LISTED ENTRIES =>
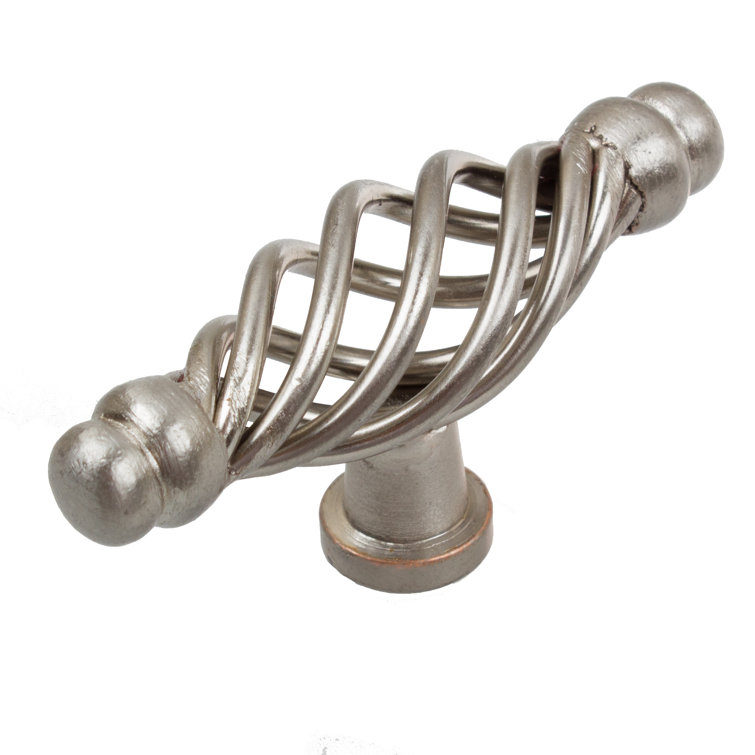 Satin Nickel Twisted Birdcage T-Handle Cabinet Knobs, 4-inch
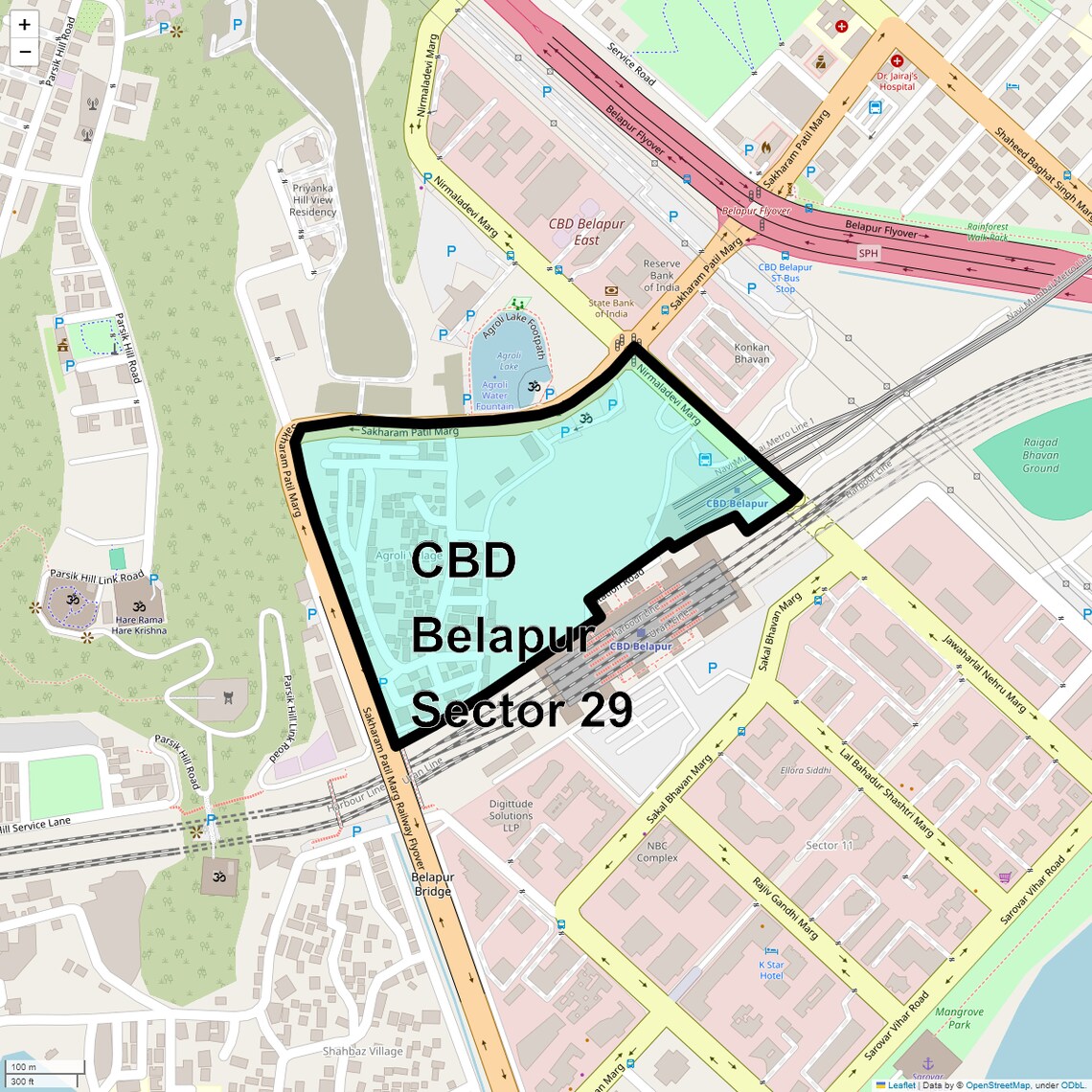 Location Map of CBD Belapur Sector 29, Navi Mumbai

==

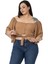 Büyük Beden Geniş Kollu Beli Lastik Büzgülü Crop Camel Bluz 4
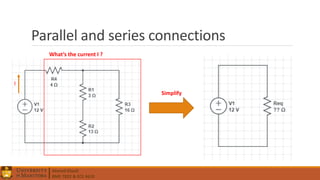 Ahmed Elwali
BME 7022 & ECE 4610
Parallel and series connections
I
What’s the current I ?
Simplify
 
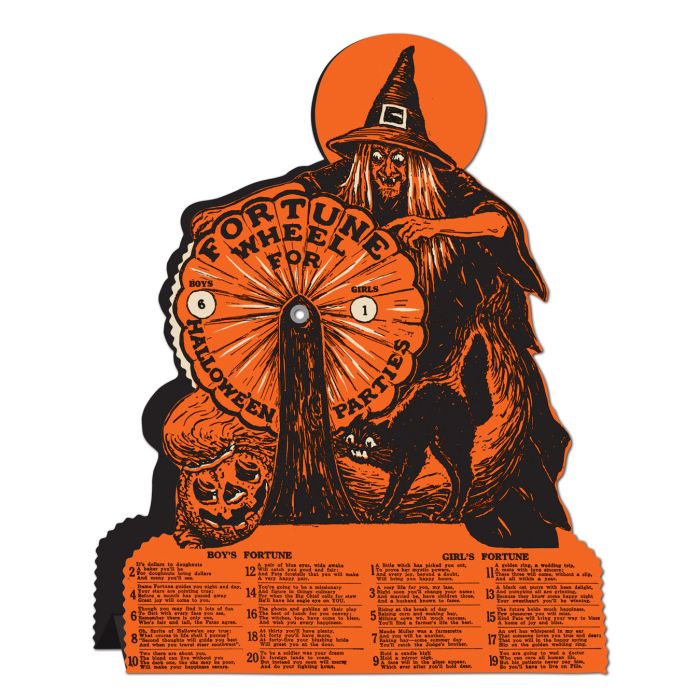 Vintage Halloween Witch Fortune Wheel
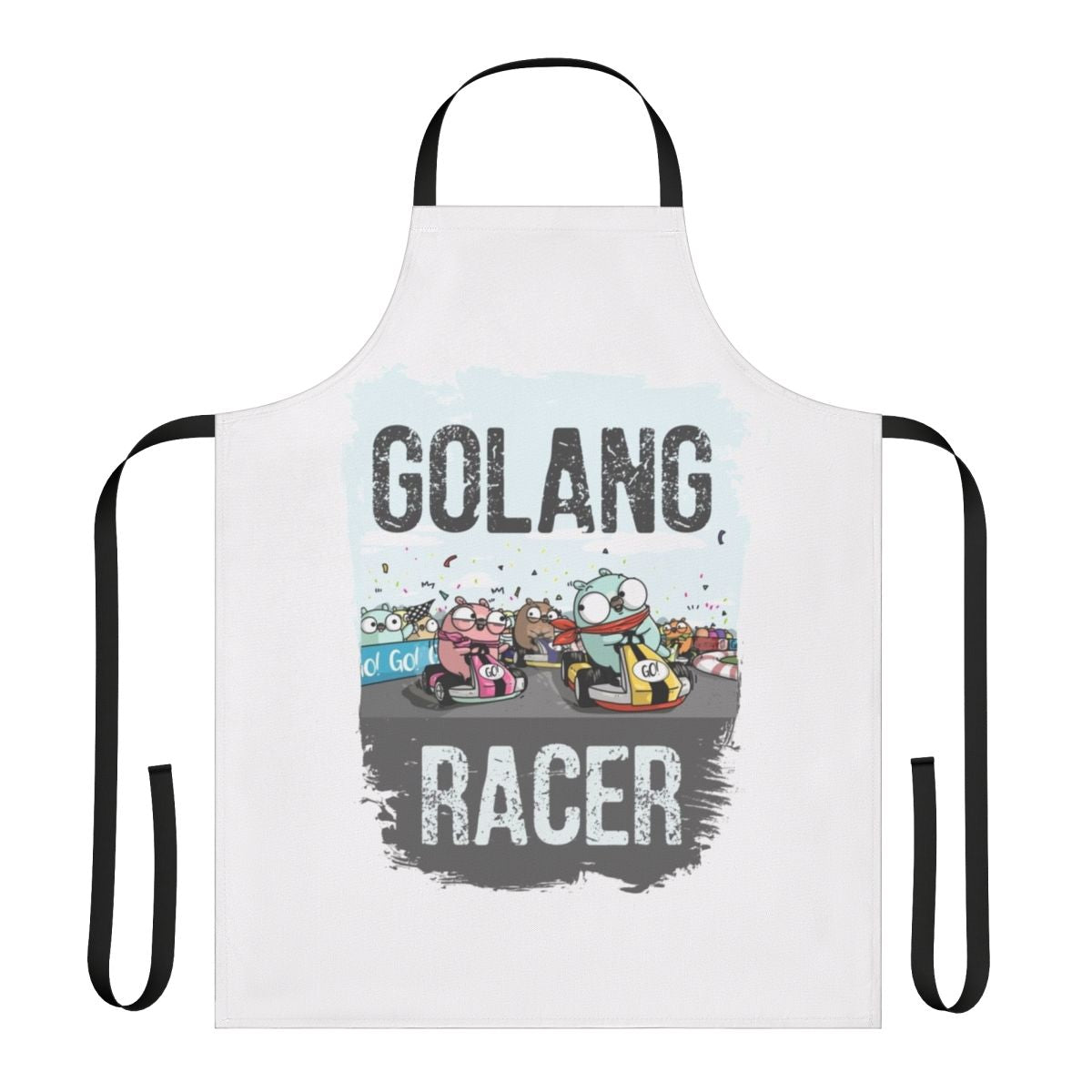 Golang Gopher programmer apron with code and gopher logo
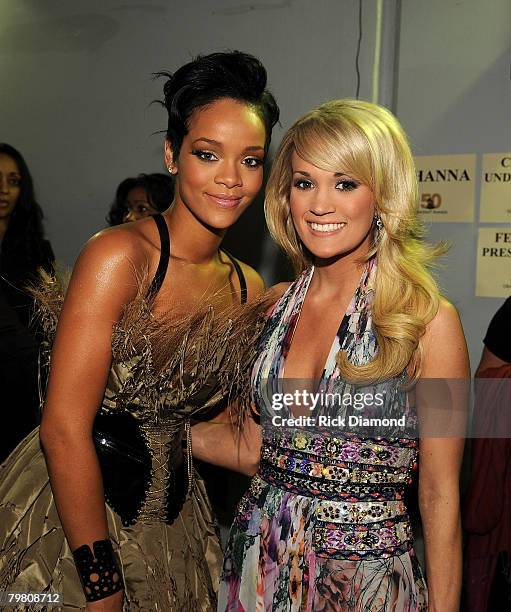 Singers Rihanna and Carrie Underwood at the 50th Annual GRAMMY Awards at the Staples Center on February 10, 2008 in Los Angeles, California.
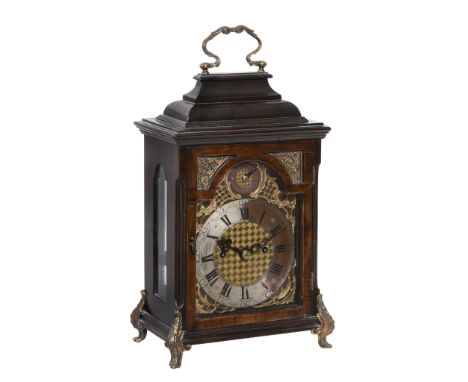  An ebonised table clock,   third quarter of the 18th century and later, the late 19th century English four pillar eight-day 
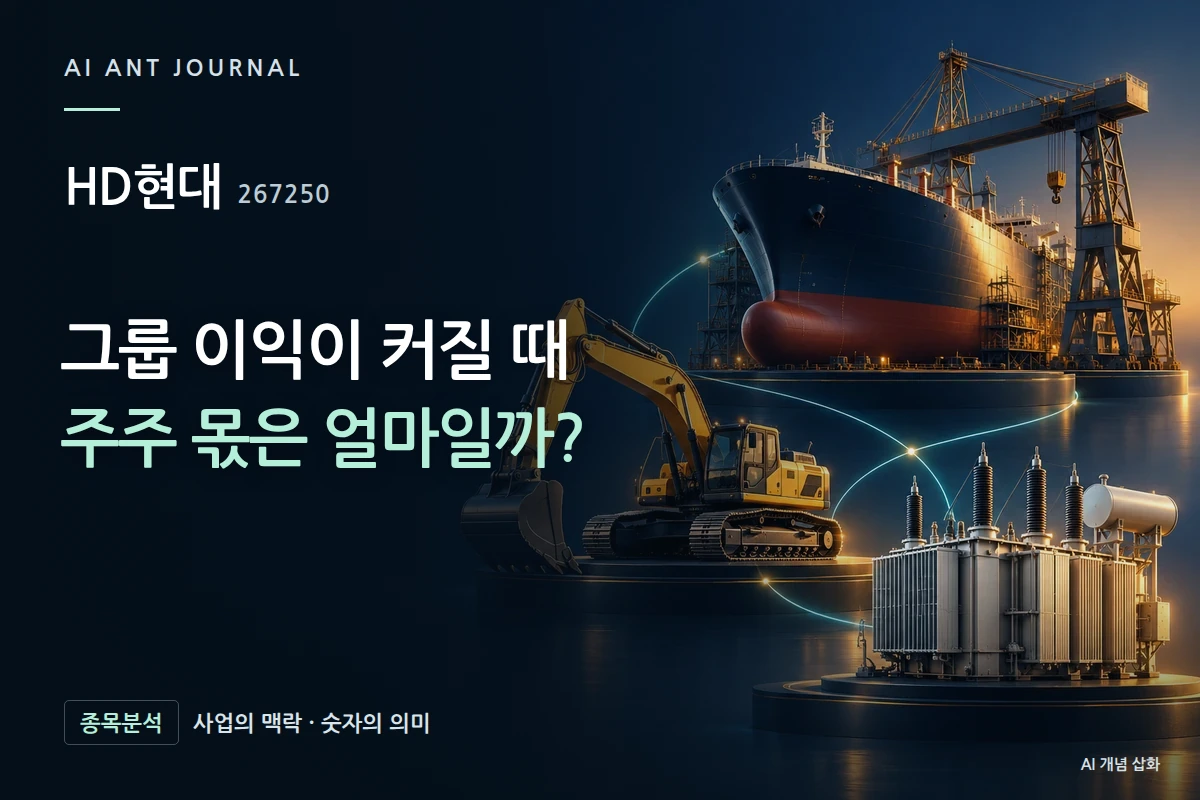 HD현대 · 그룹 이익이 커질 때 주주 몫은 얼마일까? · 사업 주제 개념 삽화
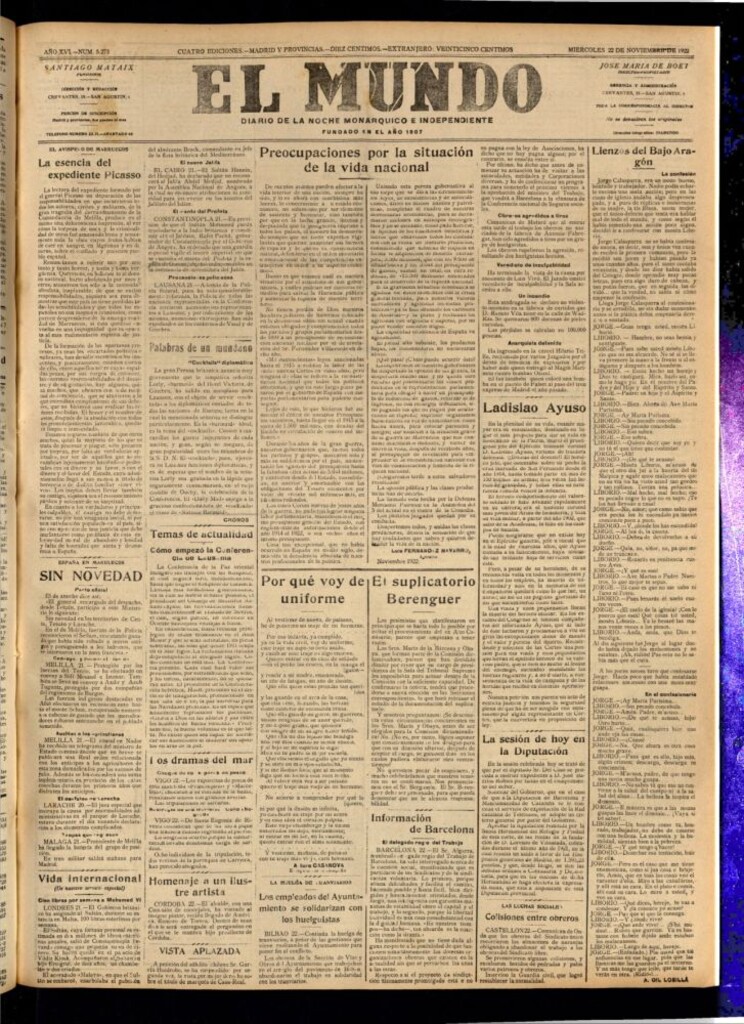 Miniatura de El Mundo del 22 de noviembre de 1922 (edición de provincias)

INSTRUCTIONS FOR THE TASK => Leave the pictures out. Output, exactly, the lines of the material above starting at the line containing "Satin Nickel Twisted" and ending at the line containing "Location Map of".

OUTPUT OF THE EXERCISE =>
 Satin Nickel Twisted Birdcage T-Handle Cabinet Knobs, 4-inch
 Location Map of CBD Belapur Sector 29, Navi Mumbai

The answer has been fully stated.